Problem description:
So that the copy stays text only, transcribe the data below exactly and exclude the images.

Data provided:
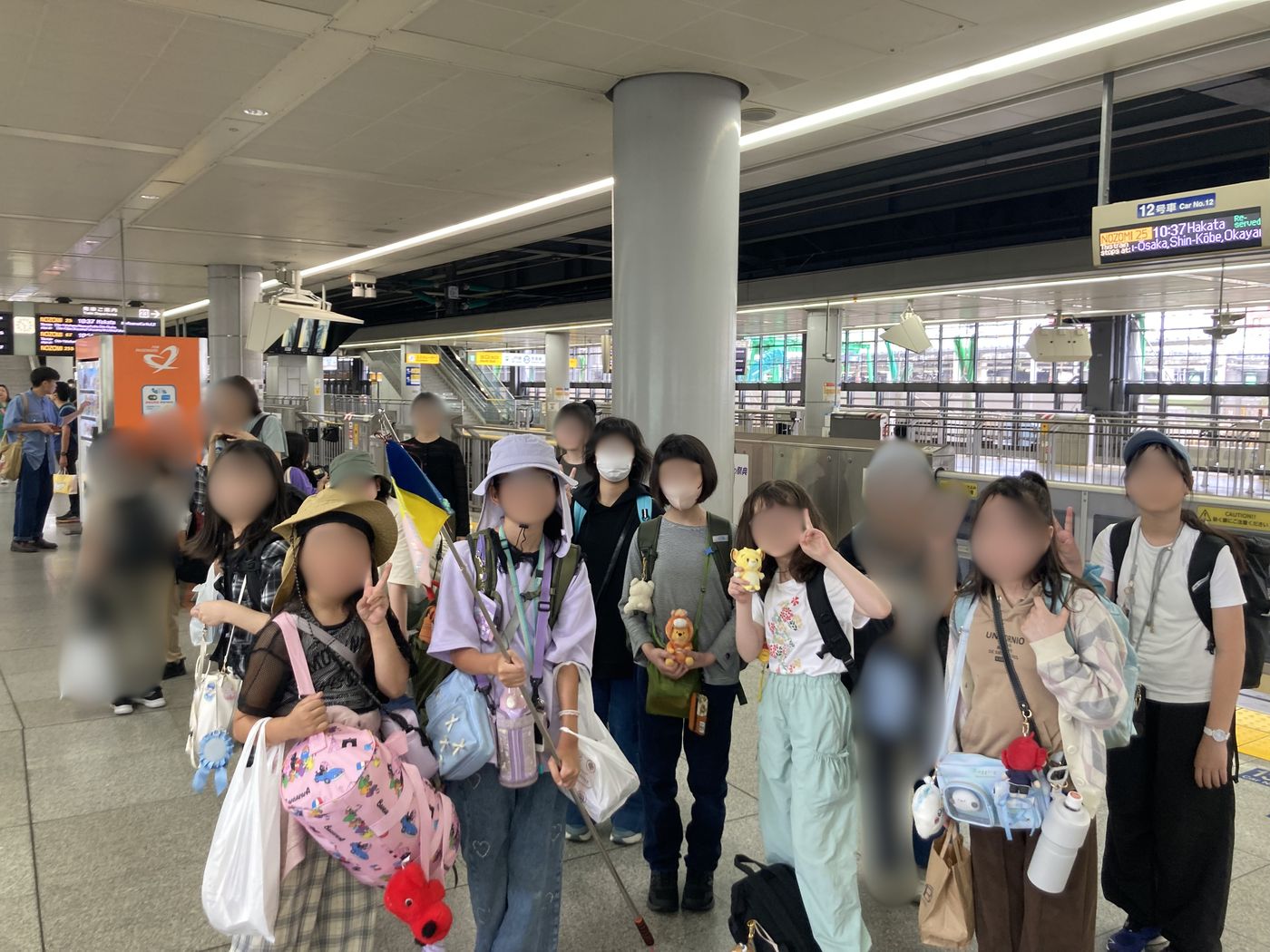 品川駅の新幹線ホームに集まったaini schoolの生徒たち、手作りの旗も見えます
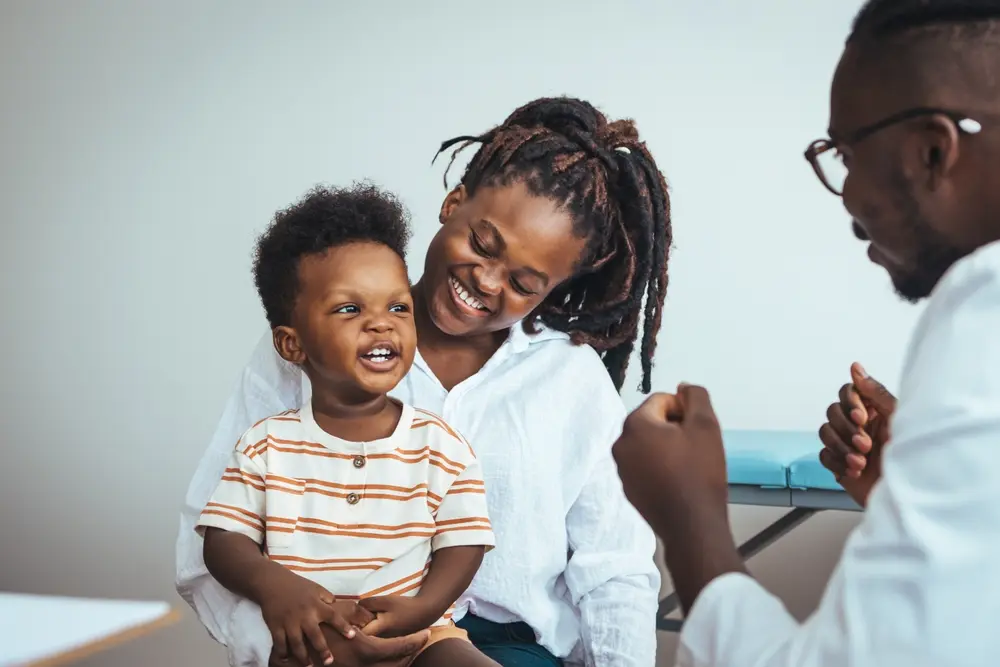 Female doctor speaking with a male patient about family health services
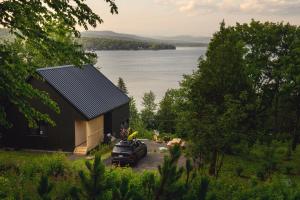 a black house with a car parked next to a lake at Duchesnay - Sepaq in Sainte-Catherine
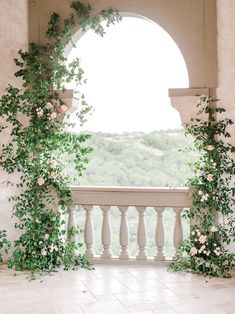 an archway with flowers and greenery on the side of a white wall next to a balcony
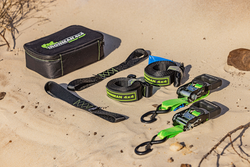 A set of tie down straps and a case are sitting on top of a sandy beach - Whitsunday 4x4 & Automotive In Cannonvale, QLD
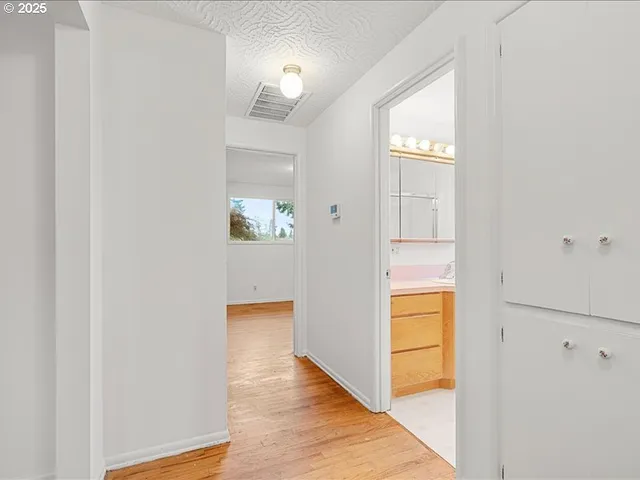 a view of an entryway with wooden floor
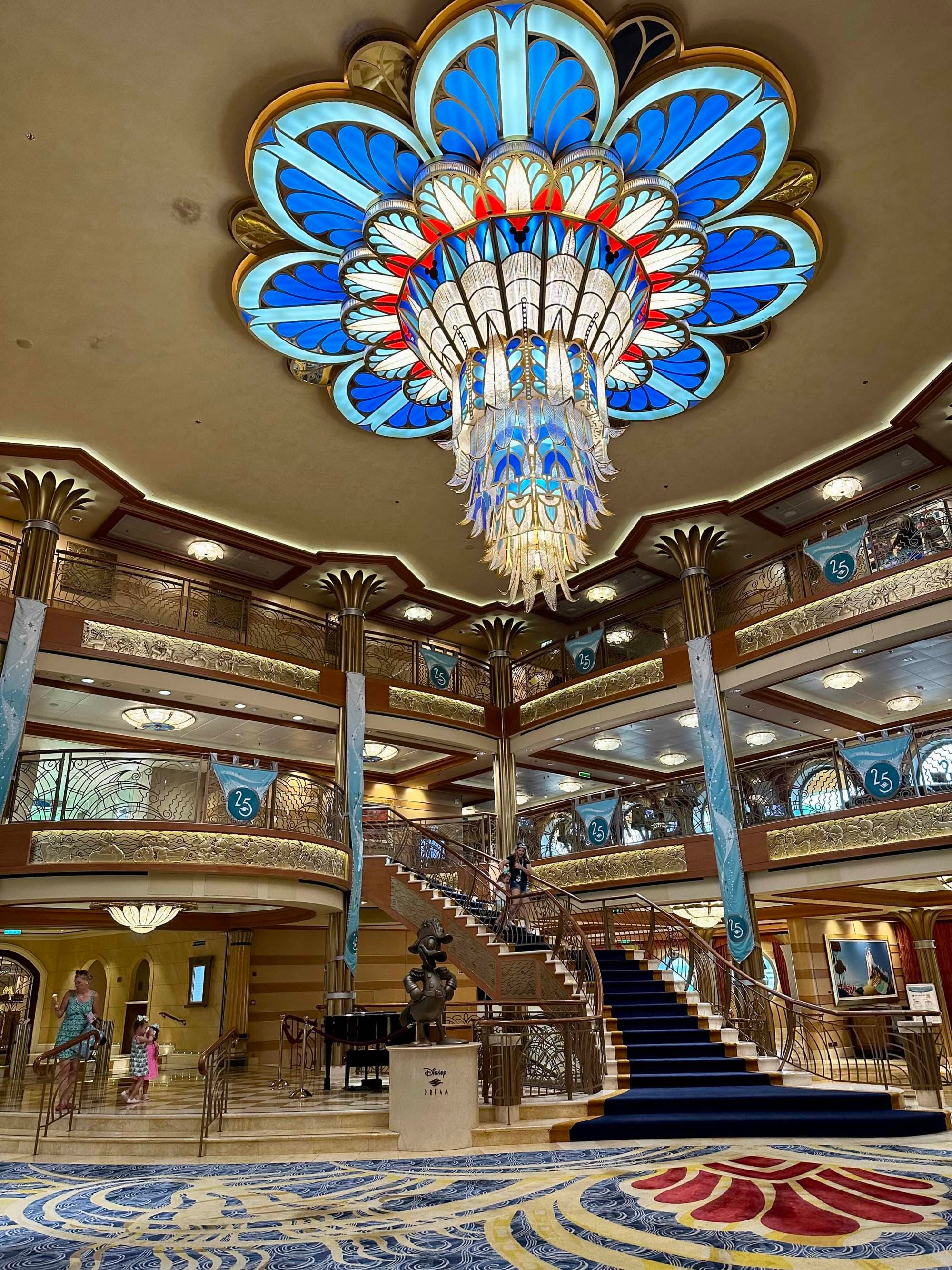 A foyer with a carpeted staircase and an elaborate chandelier of colored glass.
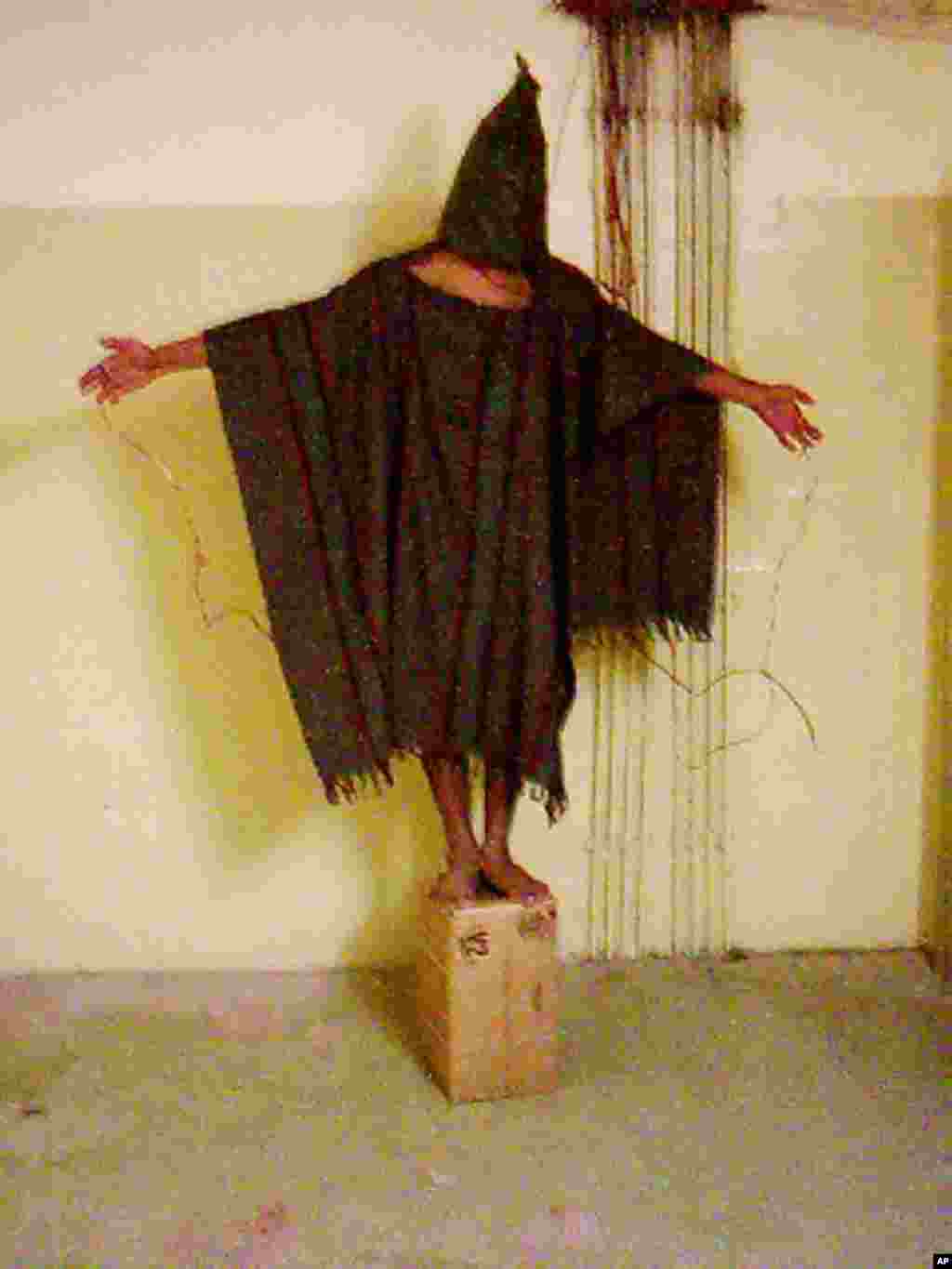 This image obtained by The Associated Press shows an unidentified detainee standing on a box with a bag on his head and wires attatched to him in late 2003 at the Abu Ghraib prison in Baghdad, Iraq.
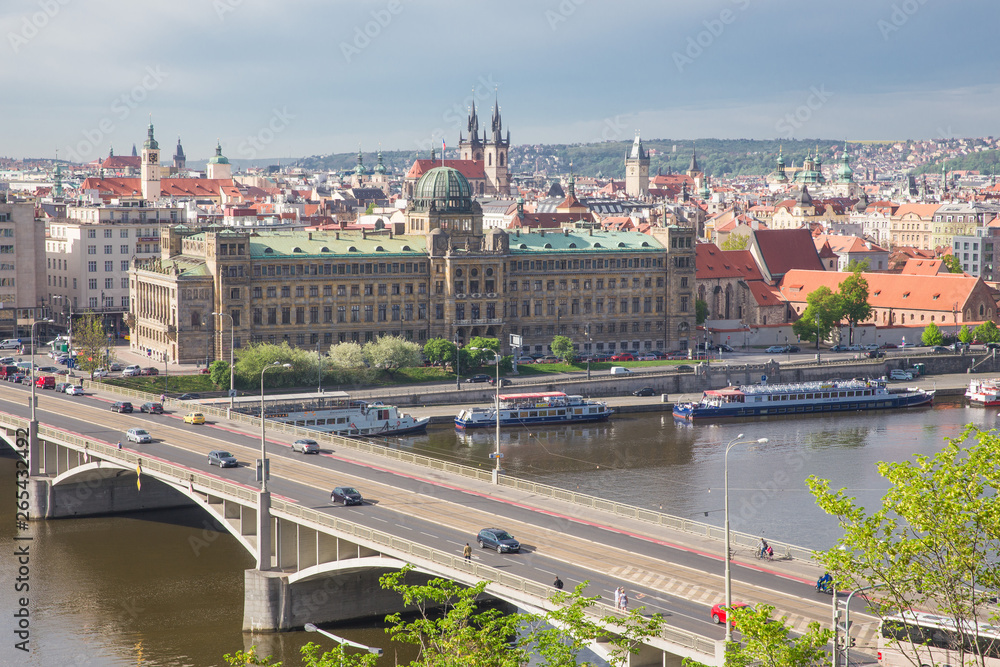 Obraz premium City Prague, Czech Republic. View from the mountain to the river and bridge. Spring. 2019. 24. April. Travel photo.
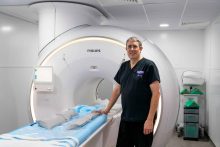 male in scrubs standing beside a MRI scanner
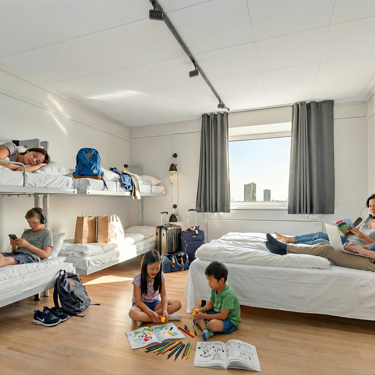 Family with children staying in a large room with bunk beds
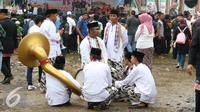Tim Tanjidor beristirahat di tengah kerumunan saat Festival Lebaran Betawi IX di Lapangan Banteng, Jakarta, Minggu (14/8). Lebaran Betawi mulai diselenggarakan tahun 2008 dan terus ada hingga kini. (Liputan6.com/Immanuel Antonius) 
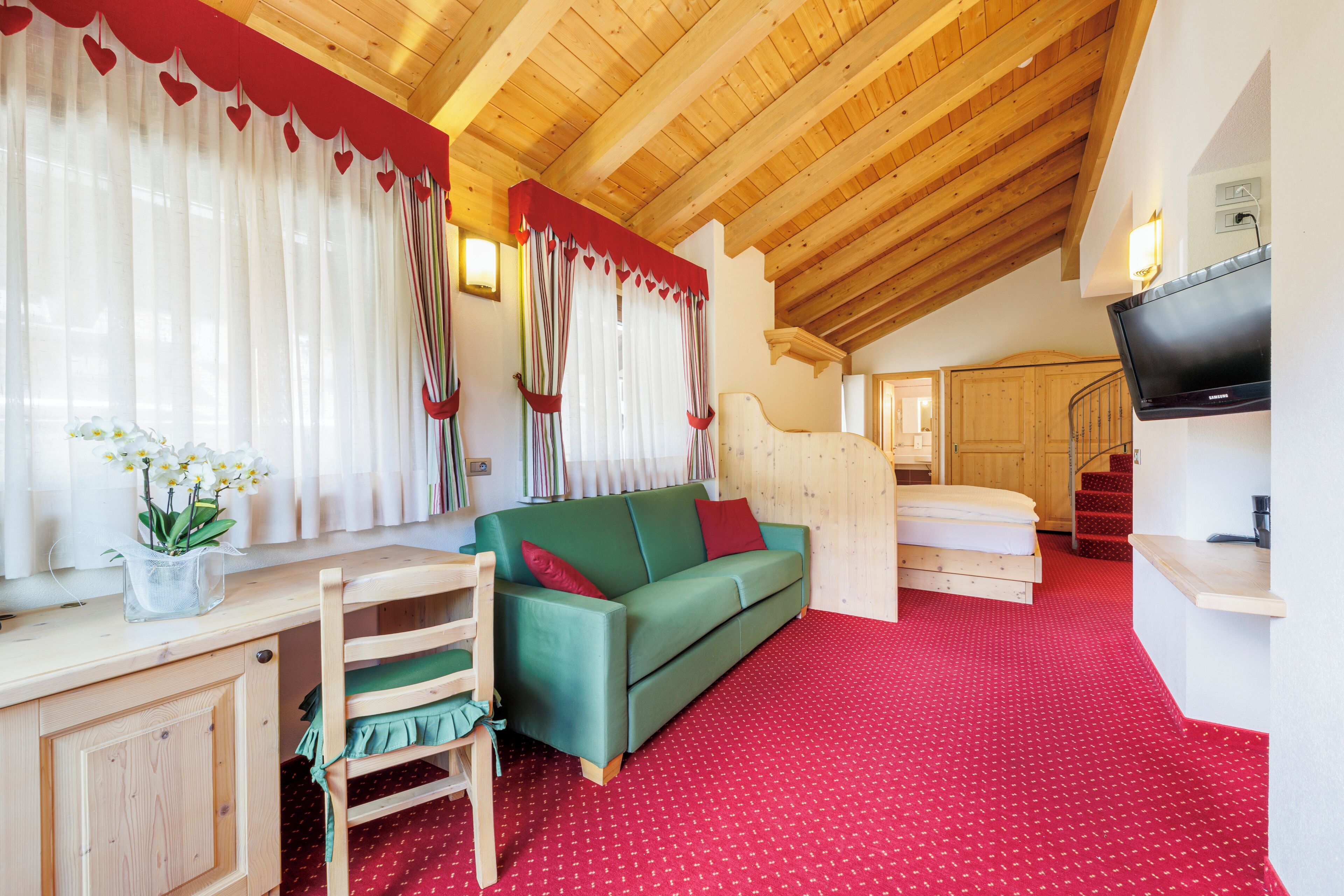Ein gemütliches Zimmer mit einem grünen Sofa, einem Holzstockbett und einem an der Wand befestigten Fernseher.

The completed task:
 品川駅の新幹線ホームに集まったaini schoolの生徒たち、手作りの旗も見えます
 Female doctor speaking with a male patient about family health services
 a black house with a car parked next to a lake at Duchesnay - Sepaq in Sainte-Catherine
 an archway with flowers and greenery on the side of a white wall next to a balcony
 A set of tie down straps and a case are sitting on top of a sandy beach - Whitsunday 4x4 & Automotive In Cannonvale, QLD
 a view of an entryway with wooden floor
 A foyer with a carpeted staircase and an elaborate chandelier of colored glass.
 This image obtained by The Associated Press shows an unidentified detainee standing on a box with a bag on his head and wires attatched to him in late 2003 at the Abu Ghraib prison in Baghdad, Iraq.
 Obraz premium City Prague, Czech Republic. View from the mountain to the river and bridge. Spring. 2019. 24. April. Travel photo.
 male in scrubs standing beside a MRI scanner
 Family with children staying in a large room with bunk beds
Tim Tanjidor beristirahat di tengah kerumunan saat Festival Lebaran Betawi IX di Lapangan Banteng, Jakarta, Minggu (14/8). Lebaran Betawi mulai diselenggarakan tahun 2008 dan terus ada hingga kini. (Liputan6.com/Immanuel Antonius) 
Ein gemütliches Zimmer mit einem grünen Sofa, einem Holzstockbett und einem an der Wand befestigten Fernseher.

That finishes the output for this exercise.